The hippocampus may have a role in gesture integration due to its role in relational (or associative) memory binding (Davachi, 2006; Eichenbaum & Cohen, 2001; Ryan, Althoff, Whitlow, & Cohen, 2000). The hippocampus supports relational flexibility that allows for the encoding of co-occurrences of people, places, and things and the spatial, temporal, and interactional relations among them (see Konkel & Cohen, 2009). Furthermore, the hippocampus supports the reconstruction and recombination of information, allowing information to be used in novel contexts and situations (Eichenbaum & Cohen, 2001). Representations created by the hippocampus appear akin to the multimodal representations created by co-occurring speech and gesture. Indeed, patients with hippocampal amnesia – and declarative memory impairment – are impaired in their ability to encode, retrieve, and imagine complex, multimodal representations: they provide fewer episodic details than healthy comparison participants in their narratives about past and future events (Kurczek et al., 2015; Race, Keane, & Verfaellie, 2011) and they gesture less than healthy comparison participants when describing experiences from their remote past (Hilverman, Cook, & Duff, 2016).
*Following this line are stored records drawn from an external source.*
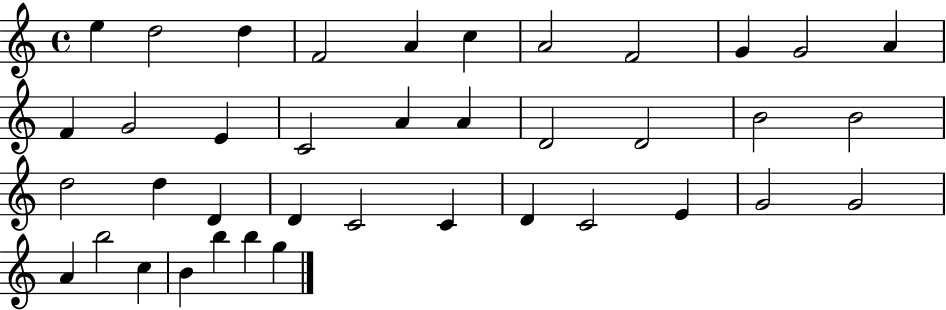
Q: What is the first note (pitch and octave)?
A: E5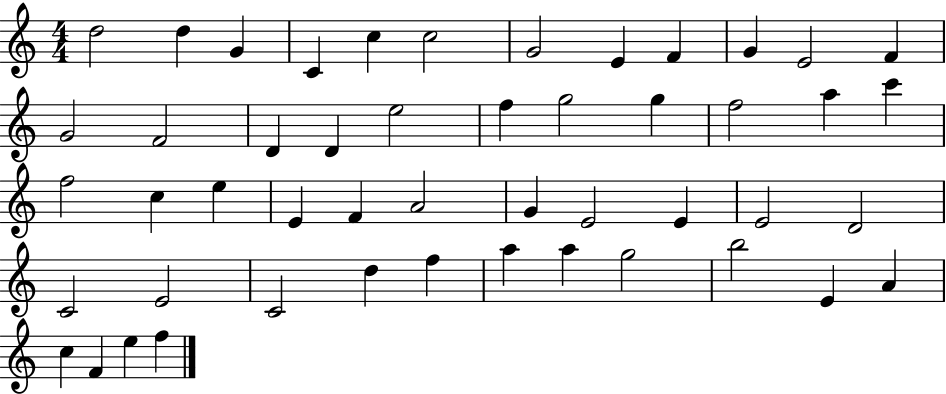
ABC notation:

X:1
T:Untitled
M:4/4
L:1/4
K:C
d2 d G C c c2 G2 E F G E2 F G2 F2 D D e2 f g2 g f2 a c' f2 c e E F A2 G E2 E E2 D2 C2 E2 C2 d f a a g2 b2 E A c F e f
Thus, it is possible that the hippocampus is responsible for binding information in gesture together with information in speech. If so, hippocampal damage would be expected to disrupt this binding.
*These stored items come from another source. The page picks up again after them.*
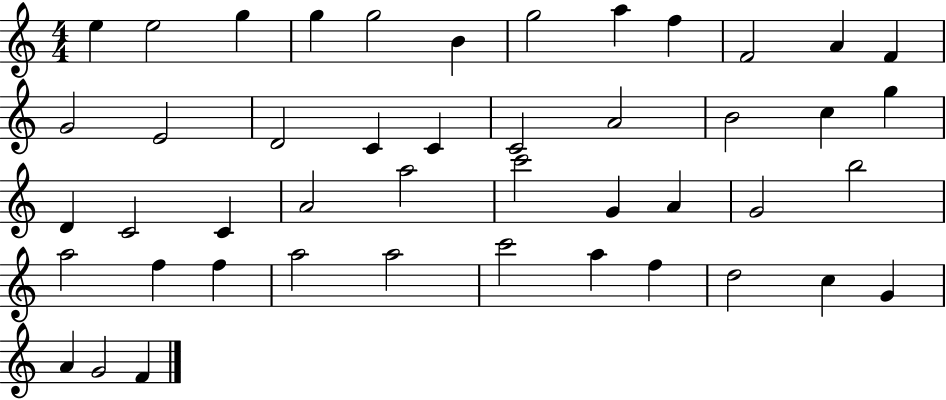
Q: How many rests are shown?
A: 0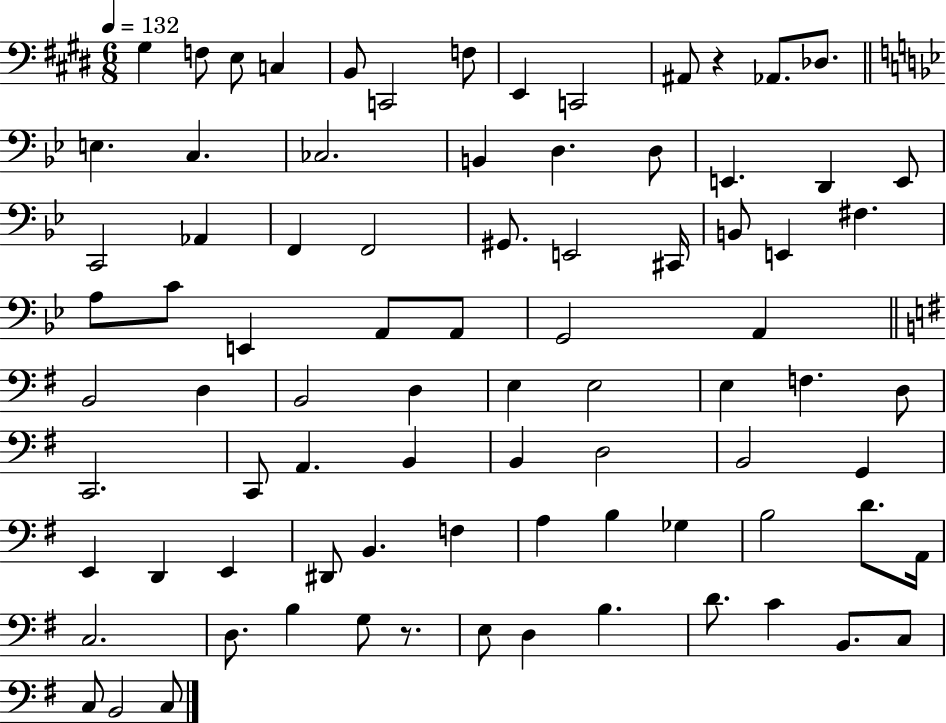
{
  \clef bass
  \numericTimeSignature
  \time 6/8
  \key e \major
  \tempo 4 = 132
  gis4 f8 e8 c4 | b,8 c,2 f8 | e,4 c,2 | ais,8 r4 aes,8. des8. | \break \bar "||" \break \key g \minor e4. c4. | ces2. | b,4 d4. d8 | e,4. d,4 e,8 | \break c,2 aes,4 | f,4 f,2 | gis,8. e,2 cis,16 | b,8 e,4 fis4. | \break a8 c'8 e,4 a,8 a,8 | g,2 a,4 | \bar "||" \break \key e \minor b,2 d4 | b,2 d4 | e4 e2 | e4 f4. d8 | \break c,2. | c,8 a,4. b,4 | b,4 d2 | b,2 g,4 | \break e,4 d,4 e,4 | dis,8 b,4. f4 | a4 b4 ges4 | b2 d'8. a,16 | \break c2. | d8. b4 g8 r8. | e8 d4 b4. | d'8. c'4 b,8. c8 | \break c8 b,2 c8 | \bar "|."
}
The hippocampus also has a clearly established role in memory integration. Memory integration is the process by which new memories are integrated with existing memories in the brain, and is thought to occur via recruitment of overlapping neural areas (Schlichting & Preston, 2015a). For example, if you encounter a dog being walked by a woman in the park and then later in the week encounter that same dog being walked by a man on your street, the presence of the dog would trigger the reactivation of the previous memory, and your prior memory would be integrated with the new experience (i.e., the man and women co-owners of the dog). The ability to integrate memories into interconnected representations has a multitude of behavioral ramifications; interconnected representations are used to infer relationships, navigate through space, make decisions, and create and imagine events and experiences (Schlichting & Preston, 2015). The hippocampal-medial prefrontal circuit has been implicated in integration tasks in which participants learned new associations related to previously learned stimuli during fMRI imaging (Schlichting, Mumford, & Preston, 2015). Given this role of the hippocampus in the integration of memories, the hippocampus might also be involved in integrating information in gesture with information in spoken language.
Despite the contribution of the hippocampus to both memory integration and relational memory, previous work suggests that gesture may be processed outside of the hippocampus and medial temporal lobe. Producing gesture while learning new words enhances word learning in people with hippocampal amnesia, who are severely impaired at this ability (Hilverman, Cook, & Duff, in revision). Similarly, hand gestures produced by patients with amnesia reflect prior experiences (Hilverman, Duff, & Cook, in prep). Conversely, patients with Parkinson’s Disease – which affects non-declarative or procedural memory – do not produce gestures that reflect their prior experiences (Klooster, Cook, Uc, & Duff, 2015). The fact that gesture can support memory and learning even in the absence of a functioning hippocampus leaves open the possibility that memory mechanisms beyond the hippocampal declarative memory system may support speech and gesture processing and integration.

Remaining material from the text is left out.